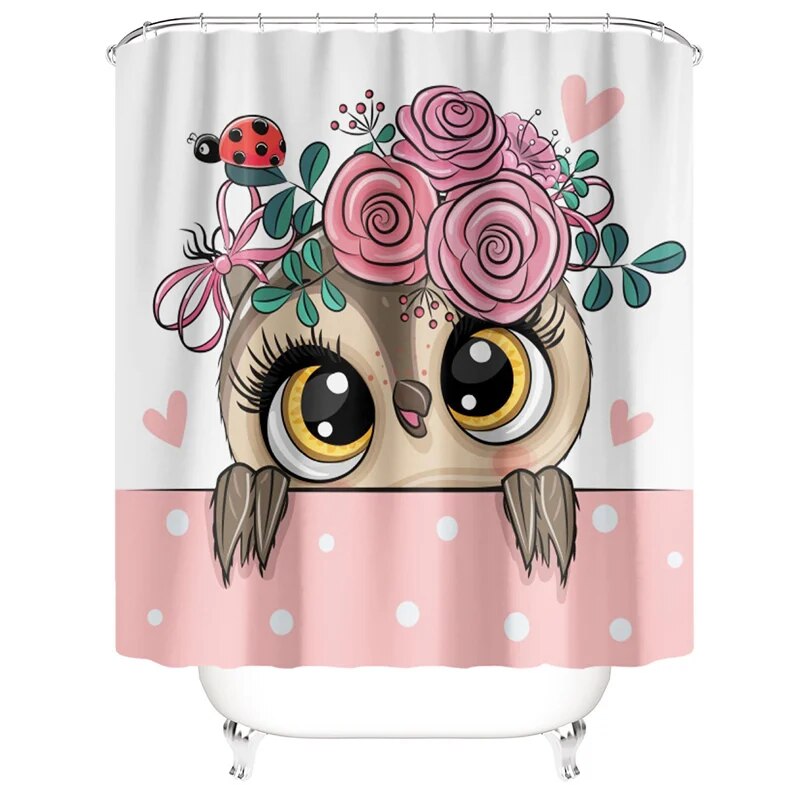 Bird Curtains Cartoon Owl 3D Print Shower Curtain, Waterproof Bath Mat Set, Toilet Rugs, Anti-slip Carpet for Home Decoration with Hooks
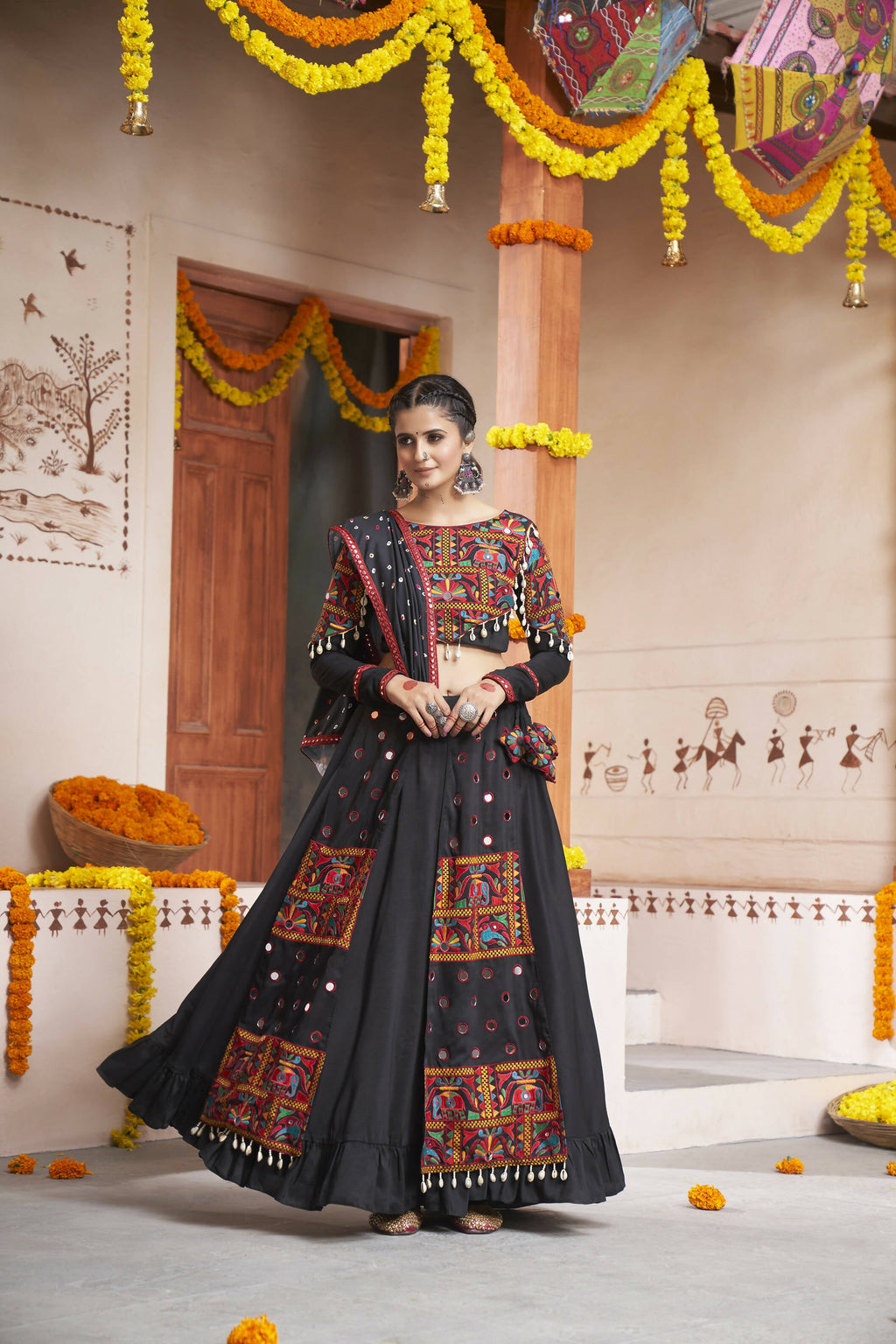 Black Viscose Rayon Thread Embroidery with mirror work Navratri Lehenga Choli with Dupatta - Raas
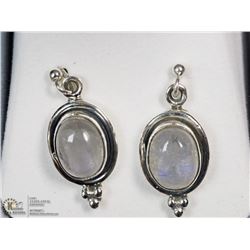 STERLING SILVER MOONSTONE EARRINGS (5.1 GRAMS)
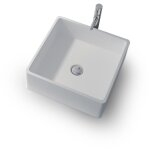Noveaqua - jamais utilise] vasque � poser solid surface a�ra carr� blanc - ns - 8009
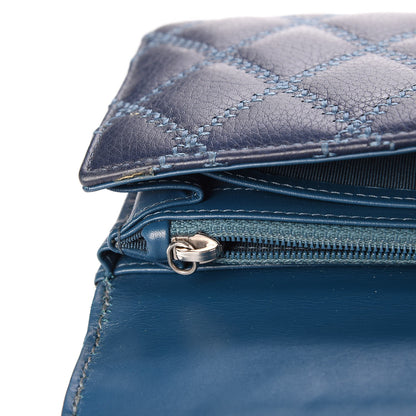 Chanel Calfskin Quilted Large Diamond CC Flap Wallet Navy 9 of 11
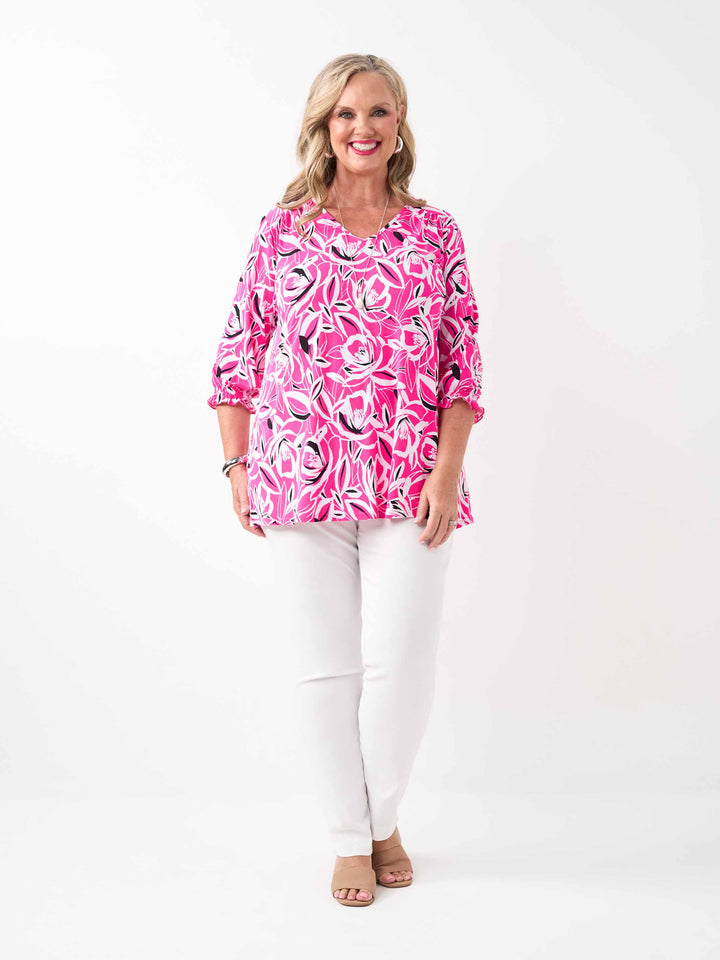 Shirred Sleeve Printed Jersey Top - Pink Cosmos
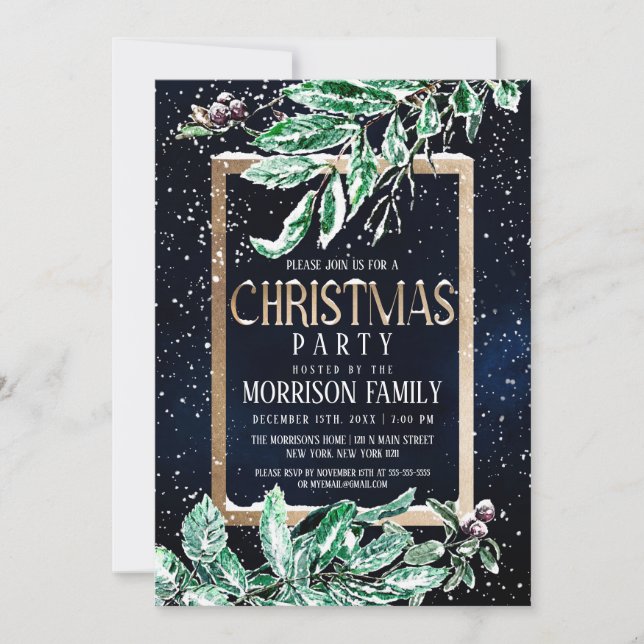 Winter Snow Gold Navy Leaf Watercolor Christmas Invitation (Front)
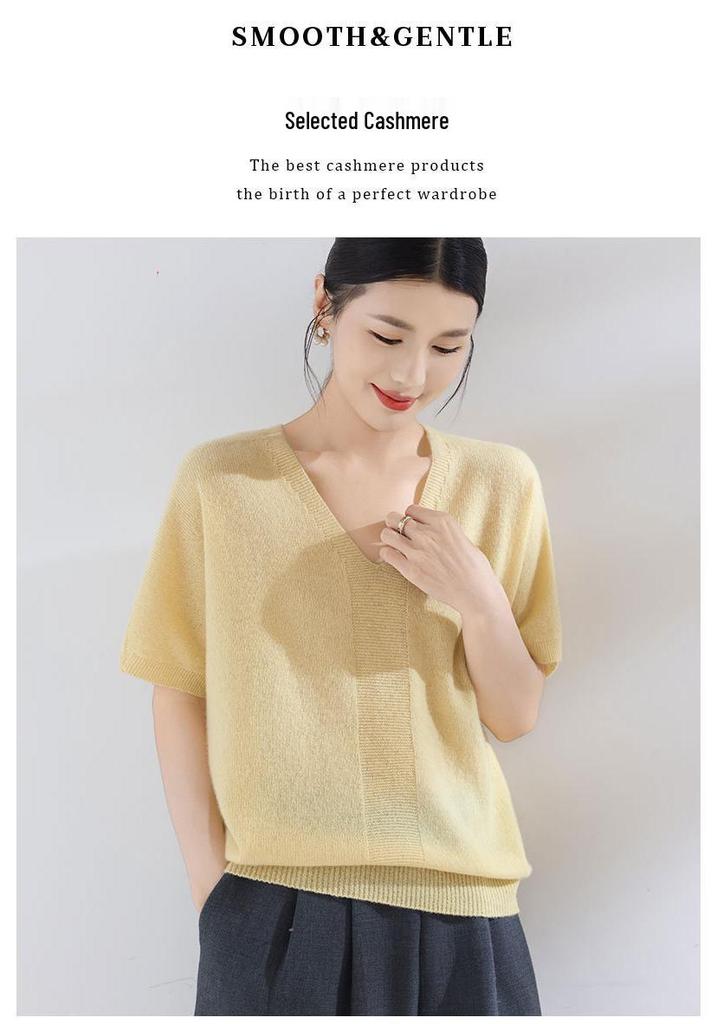 Women's V-Neck Loose-Fit Pure Cashmere Knitwear - Short Sleeve, 100% Goat Cashmere Pullover for Spring and Autumn.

####################

◆ PROBLEM
In the entries above, find the line that contains "Black Viscose Rayon", then repeat exactly every line from the first one through that line, with no pictures.

◆ ANSWER AREA
 Bird Curtains Cartoon Owl 3D Print Shower Curtain, Waterproof Bath Mat Set, Toilet Rugs, Anti-slip Carpet for Home Decoration with Hooks
 Black Viscose Rayon Thread Embroidery with mirror work Navratri Lehenga Choli with Dupatta - Raas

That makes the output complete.